Comics: Pulp – Tu antiguo camino envejece muy rápido

Por Gabriel Reymann

La existencia, la vida humana, están completamente desfasadas de escala respecto a los ciclos históricos -historia con H, bah-: hacemos lo que podemos al respecto para encajar las piezas a ese respecto y tener algún tipo de perspectiva. Al protagonista de Pulp, Max Winters le toca en suerte atravesar la tercera edad en medio de la Segunda Guerra Mundial, con el agregado de una mala temporada laboral y los achaques del cuerpo, para mayor cruz.

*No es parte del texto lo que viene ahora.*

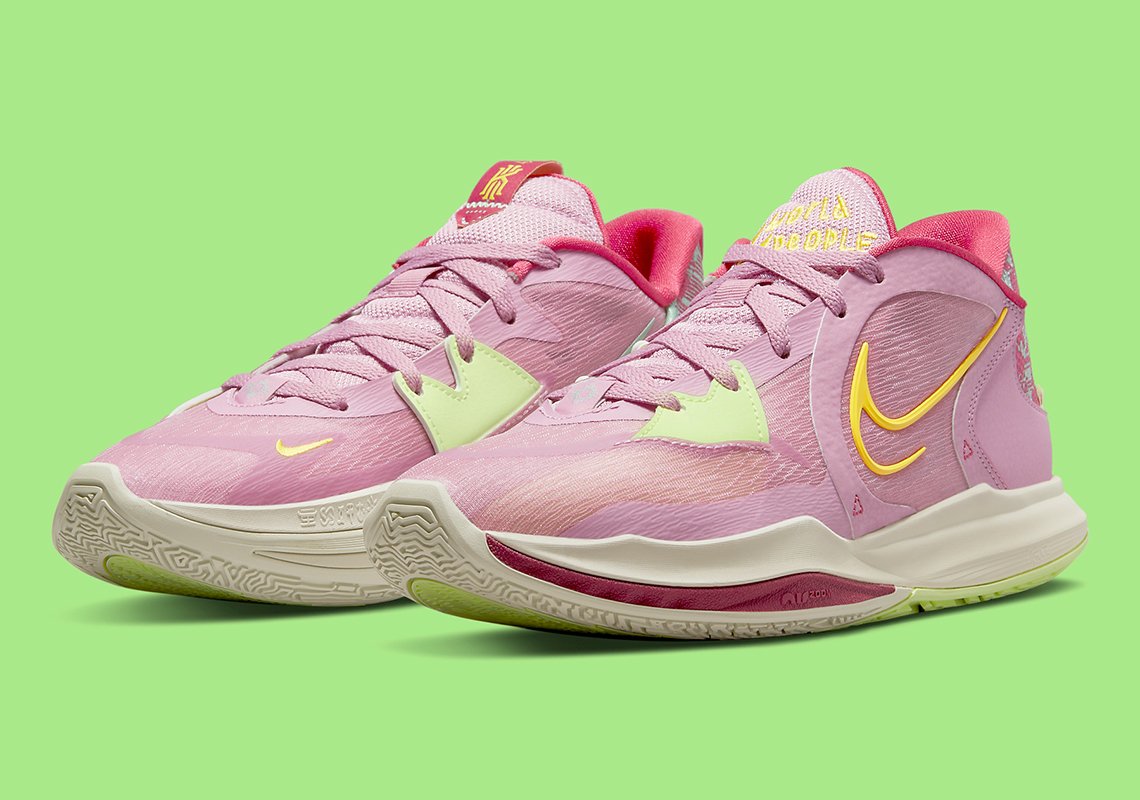 kyrie 5 sportchek
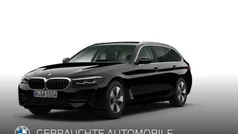 Schwarz Gebraucht 2022 BMW 520 Sport Line Kombi | 26.790 € (Guter Preis)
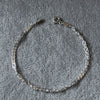 Pulsera eslabon doble 18CM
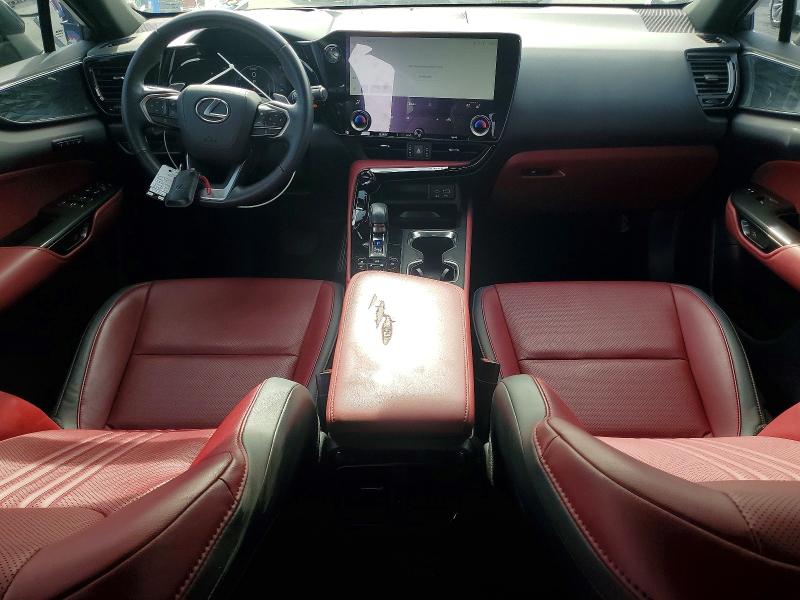 2025 Lexus Nx 350h მანქანა იყიდება აუქციონზე, vin: 2T2GKCEZ6SC035759, აუქციონის ნომერი: 55676866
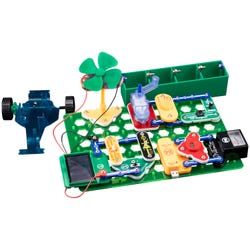 Image for Snap Circuits Green: Alternative Energy Kit from School Specialty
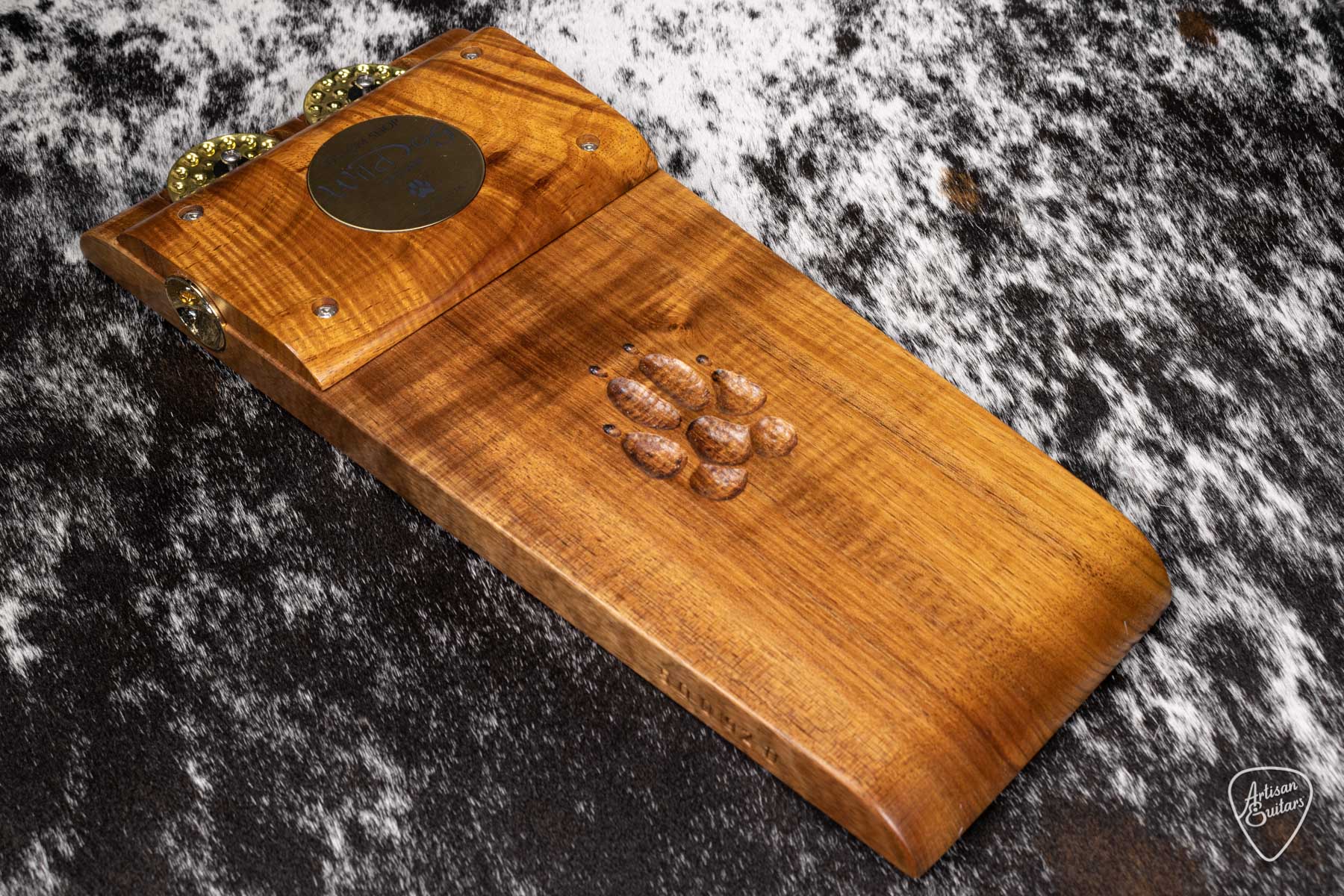 Wild Dog Custom Shop Stomp Box -  16182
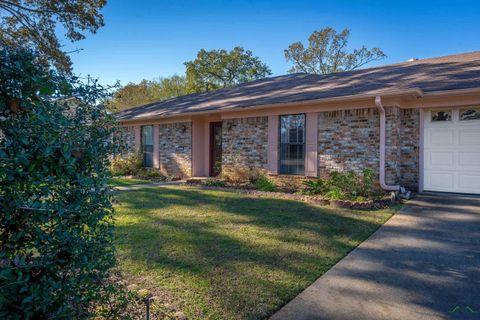 A home in Longview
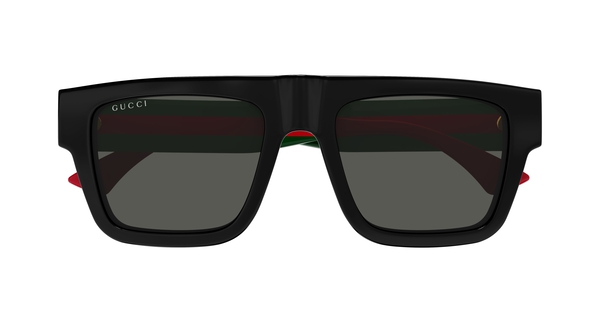 gucci-1868s/s 001 black-green-grey 53*19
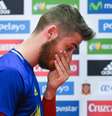 Goleiro da seleção espanhola foi citado em escândalo de abuso sexual  Foto: David Ramos / Getty Images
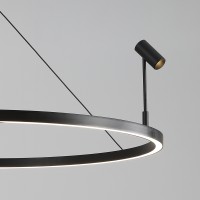 Подвесной светильник Delight Collection P0506-900A black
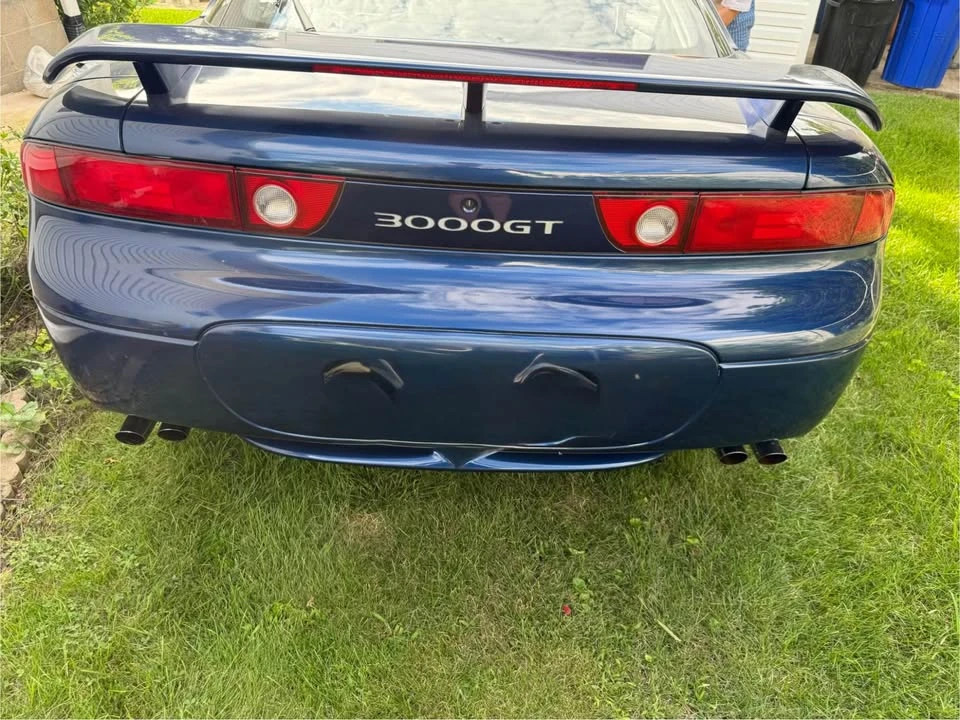 1995 Mitsubishi 3000GT Series 2 - Image 5 of 14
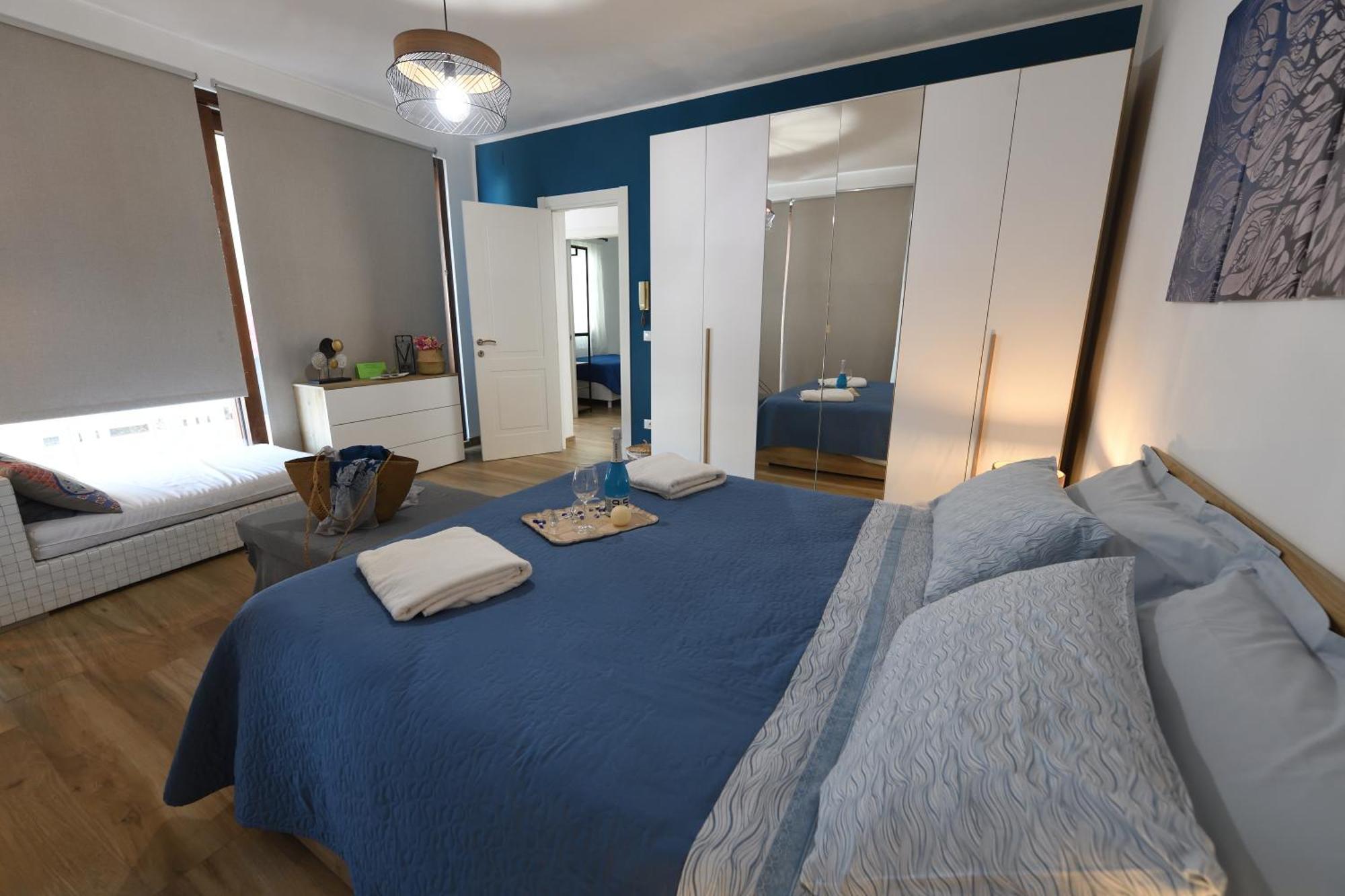 Appartamento Terra Sinus Beautiful Terrasini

Lanzada a través de Image en 2020, editada en Argentina por Hotel de las Ideas en 2024, Pulp es obra de un tándem, a esta altura, de larga data -e importancia- en el comic estadounidense: Ed Brubaker-Sean Phillips (Fatale, Kill or be Killed, Criminal), duchos en transitar tanto las grandes editoriales y los trabajos por encargo, como las independientes y los trabajos más autorales. De ese último lote, Pulp es un muy interesante exponente.

El mencionado Winters es un escritor de, justamente, novelas de pulps en la New York de 1939; al declive mundial, se le suman una salud cardio complicada y los conflictos laborales -léase ser desplazado, por decisión de la empresa, por empleados más jóvenes y baratos-. Este presente hostil va y viene en el relato junto con flashbacks de un pasado también violento y hostil, pero de cowboy (materia prima de esos relatos de pulps), aunque algo idealizado por las mieles de la juventud, y, sobre todo, la siempre efectiva operación de alisado que aplican en conjunto la distancia temporal y la traicionera memoria. Promediando la (relativamente breve, 70 páginas) historia, ese pasado que es un celoso secreto guardado por Winters y solo es conocido para el lector, será usado como motivo de extorsión por una figura del pasado que entra en escena -que también irrumpe providencialmente-, y lleva la trama para otro lado, que, para resguardarse del spoiler, no será develado aquí.

Brubaker realiza una doble pinza muy efectiva en su trabajo de guionista en Pulp. Están el zigzagueo de tramas -sin llegar a ser plot twists- y escamoteo de la información al lector; o, mejor dicho, darle solo los datos estrictamente necesarios en el momento correcto. Esta sabia y saludable manipulación exhibe una gimnasia, digámoslo, poco habitual en el mundo de la historieta (y más allá de ese mundo puede que también) en estos días. Por el otro lado, el espíritu que insufla vida a ese cuerpo, es una tematización sensible y poco trillada de temas atemporales: justamente, los ciclos vitales individuales perdidos en la gran magnitud de los ciclos de época y sus cambios, la decrepitud, lo relativo del libre albedrío y -casi- todas las decisiones que se pueden tomar en la vida, y, el real núcleo de Pulp, la violencia. El humano predador de otros humanos, como una manera de estar en el mundo, y la agresión como un círculo que, tarde o temprano, va a generar su propio billete de vuelto.

Sean Phillips en el dibujo y su hijo Jacob en el color, acompañan el guion con la elegancia justa para destacar sin opacar la labor argumental. El padre exhibe su estilo realista y sucinto, con expresivas masas de negros en los volúmenes que golpean en los momentos precisos, todo ello dentro de una narrativa ágil, habitualmente dentro de un marco de cuatro a seis viñetas por páginas. Jacob completa la faena cromática con mucha gracia: para la acción sita en 1939, dispone una gama de marrones, grises, verdes y rojos -y un extra para cuando la acción lo requiera-, y para las escenas del Lejano Oeste, usa un engamado de rojos, anaranjados y negros con una atinadísima y homeopática dosis de texturas digitales.

Hagan sus apuestas: a Garth Ennis le hubiera encantado escribir esta historia. Por el Far West, claro, pero también la ley de la ferocidad, que atraviesa toda la historia. Brubaker y los Phillips dan carnadura de papel a los heroísmos, flaquezas, temores, fantasmas y arrepentimientos de un ser humano -que es él y varios, obvio- a lo largo de su vida entera.